Problem
Strip the pictures and reproduce the rest of the listing exactly.

Supplied material
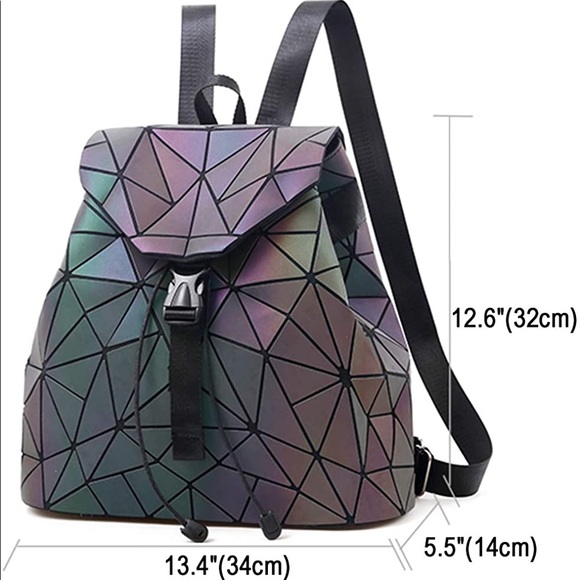 BESUURAN Geometric Luminous Holographic Reflective Backpack - Picture 3 of 13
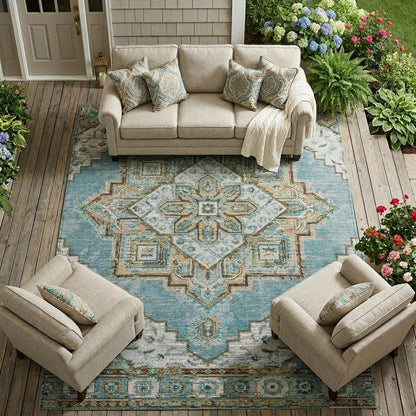 8' X 10' Teal Blue And Graphite Oriental Washable Indoor Outdoor Area Rug HomeRoots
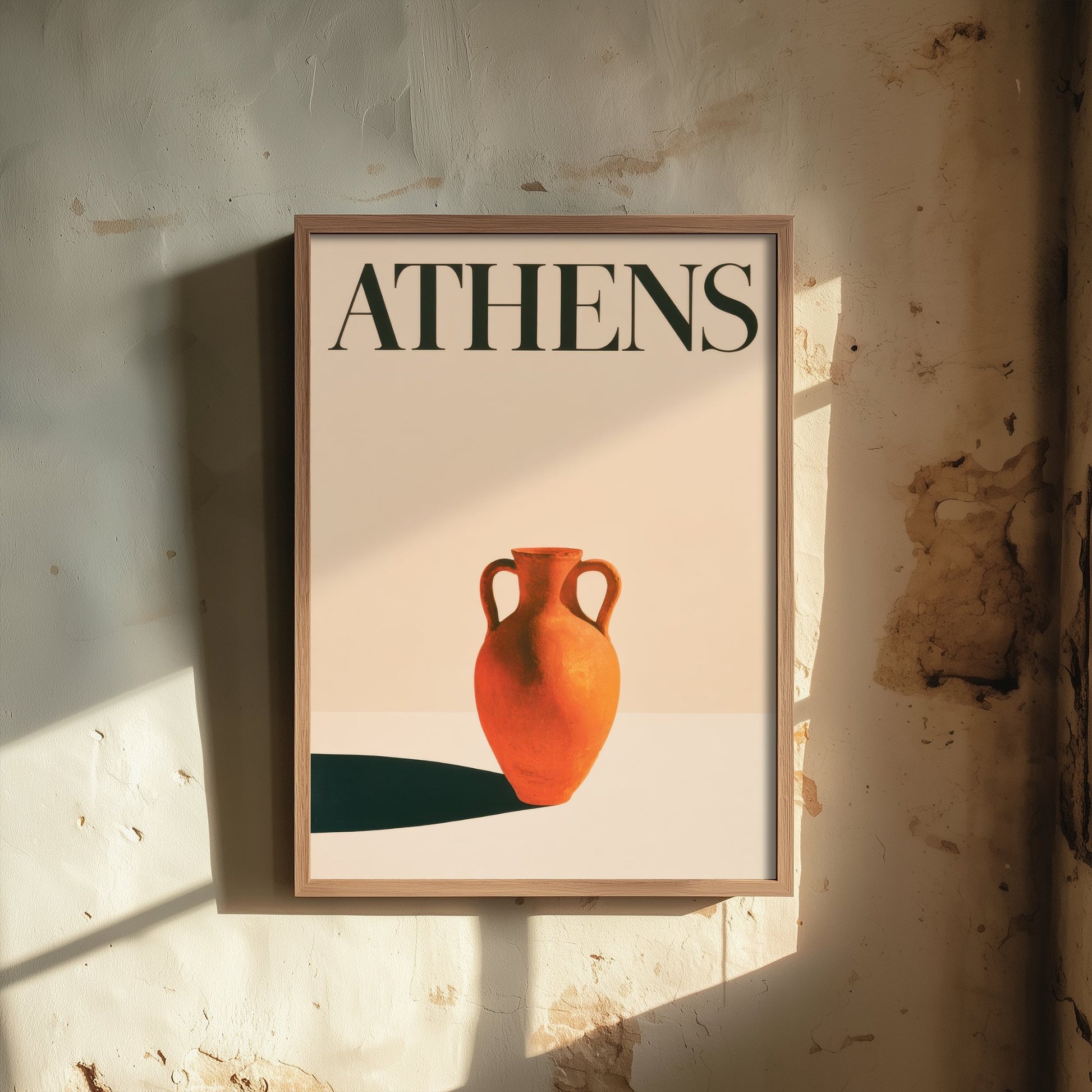 Athens Travel Poster - Greek Amphora Art Print - Minimalist Greece Illustration - Long Shadow 1/3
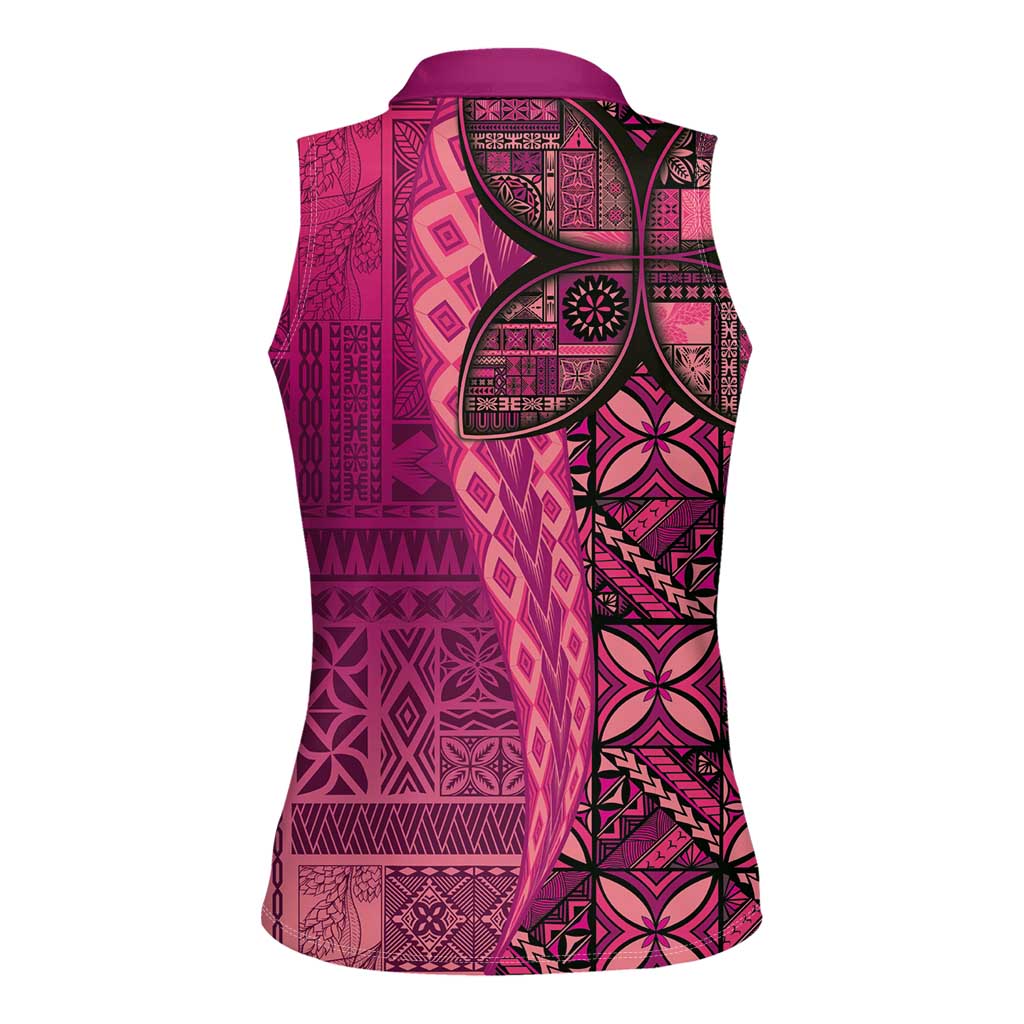 Samoan Pacific Tribal Flower Geometric Art Tattoos Women Sleeveless Polo Shirt Siapo Pattern Romantic Rose LT03 - Polynesian Pride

Solution for this problem
 BESUURAN Geometric Luminous Holographic Reflective Backpack - Picture 3 of 13
 8' X 10' Teal Blue And Graphite Oriental Washable Indoor Outdoor Area Rug HomeRoots
 Athens Travel Poster - Greek Amphora Art Print - Minimalist Greece Illustration - Long Shadow 1/3
 Samoan Pacific Tribal Flower Geometric Art Tattoos Women Sleeveless Polo Shirt Siapo Pattern Romantic Rose LT03 - Polynesian Pride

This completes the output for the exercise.